To my friends and all our supporters,

Let me try a few cleansing breaths before all of this.

First, I am deeply moved by the love, commitment and creativity to help honor our plight and support our fight. Thank you all so much and I apologize to all of my friends who I have not responded to as of yet. We all are overwhelmed here in Tucson and I need a new email system for organizing all the love. Muchismas gracias y Tlazocamatli.

This week has provided more challenges. The teachers have still not received specific guidelines for curriculum and pedagogical changes that need to be made in order to be in compliance of the law. TUSD leadership has asked the site administrators on each campus where our classes are taught to lead the process which means that my colleagues and I are all separated from each other, and have not yet come together as a group since the destruction of our program. It also is a way to divide and conquer since we are all struggling at our individual sites for clarity and consistency.

To be more specific, I meet alone with my site administration, with only my union representative as support, but separated from my MAS colleagues who also work at my school. The district leadership has done this move to wash their hands of us and any accountability to us. However, they continue to send out press releases that claim that books that are now boxed in a warehouse are not banned, and that anyone can teach critical issues like race, ethnicity, oppression, and cultura, but do not mention the exception being the censored teachers in the MAS program. The double speak is unseemly and lacks honor. I am so happy that our friends around the nation are holding them accountable since the power structure in Tucson has made sure the local media tows the line. This has been the case for years.

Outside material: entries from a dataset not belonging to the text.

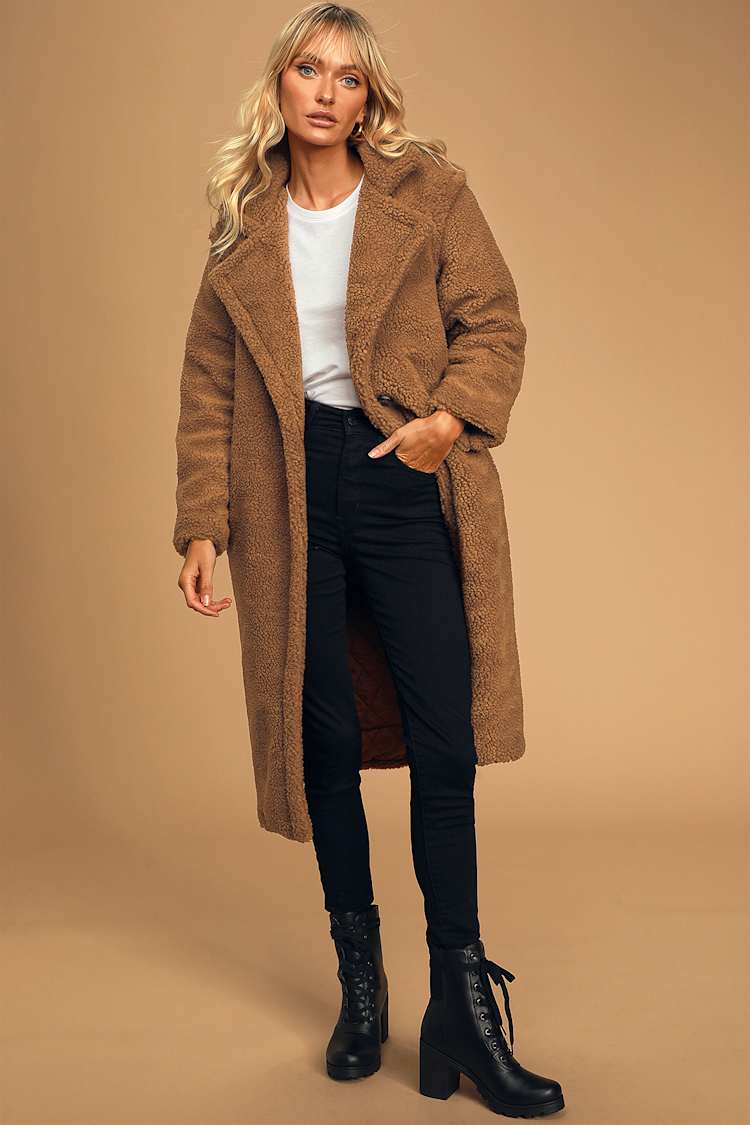 BB Dakota Paddington - Brown Teddy Coat - Longline Coat - Lulus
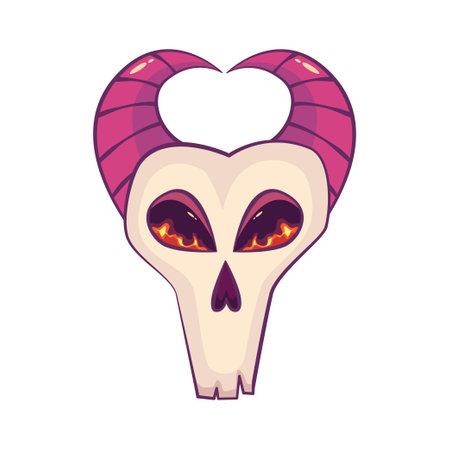 Horned esoteric skull goat with glowing eyes isolated. Mystical skull fire eye in cartoon style, celestial astrology. vector illustrationのイラスト素材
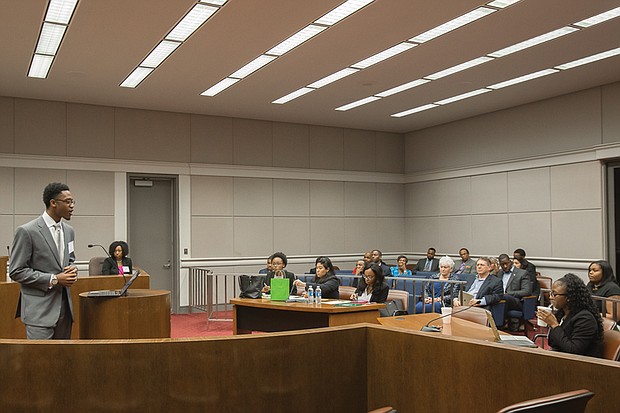 The final event was held Sunday in a Richmond courtroom at the John Marshall Courts Building Downtown. Judges included Carlos Clanton, president of the National Urban League Young Professionals, Richmond radio personality Clovia Lawrence and Chika Anyadike, legislative assistant to Petersburg Delegate Lashrecse D. Aird. Mr. Ruffin and Ms. Taylor won the debate and each received $500. 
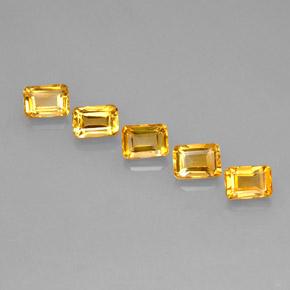 Pedras preciosas de citrino dourado natural de 5,31 ct, corte esmeralda, VVS-VS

What I can tell you is that TUSD has decreed that anything taught from a Mexican American Studies perspective is illegal and must be eliminated immediately. Of course, they have yet to define what that means, but here’s an example of what happened to an essay prompt that I had distributed prior to January 10th.

{Chicano playwright Luis Valdez once stated that his art was meant to, “…inspire the audience to social action. Illuminate specific points about social problems. Satirize the opposition. Show or hint at a solution. Express what people are feeling.” The novel So Far From God presents many moments of social and political commentary.} Select an issue that you believe Ana Castillo was attempting to illuminate for her audience and write a literary analysis of how that theme is explored in the novel. Remember to use direct citations from the novel to support your ideas and theories.


{Culture can play a significant role within a work of fiction. For generations in this country, the literature studied in English or literature classes rarely represented the lives and history of Mexican-Americans.} In a formal literary analysis, discuss what makes So Far From God a Chican@ novel and how this might influence the experience of the reader. Remember to use direct citations from the novel to support your ideas and theories.

The brackets indicate what I had to edit since the statements were found to be too leading toward a Mexican American Studies perspective. In plainer terms, they are illegal and out of compliance. A quote from a great literary figure, Luis Valdez, is now illegal, and a fact about education in our nation’s history is also illegal.

You can imagine how we are feeling, especially without any clear guidance to what is now legal and what is not, and what makes matters worse is that TUSD expects us to move forward and redesign our entire curriculum and pedagogy to be in compliance.

I cannot speak for all my colleagues but it has become clear to me that I must abandon nearly everything I used to do in the classroom and become “born again” as a teacher. At least for the foreseeable future, since the list of individuals that are waiting to pounce upon us at our first wrong step is long and filled with powerful figures.

However, we have not lost faith that we will overcome all of these atrocious, absurd, and abusive actions to our students and to learning environment centered upon love and academic excellence. Our students have already learned so much this year and this process is teaching them so much more. They are restless, ready to act and eager for their voices to be heard, and our community is equally supportive to their desires. Our lawsuit moves forward and the unconstitutionality of the law will be debated before Judge A. Wallace Tashima. Three of the four men who voted to disband our program will be accountable on November 6th since their seats on the school board are up this election. We are strong in spirit that a better day is ahead.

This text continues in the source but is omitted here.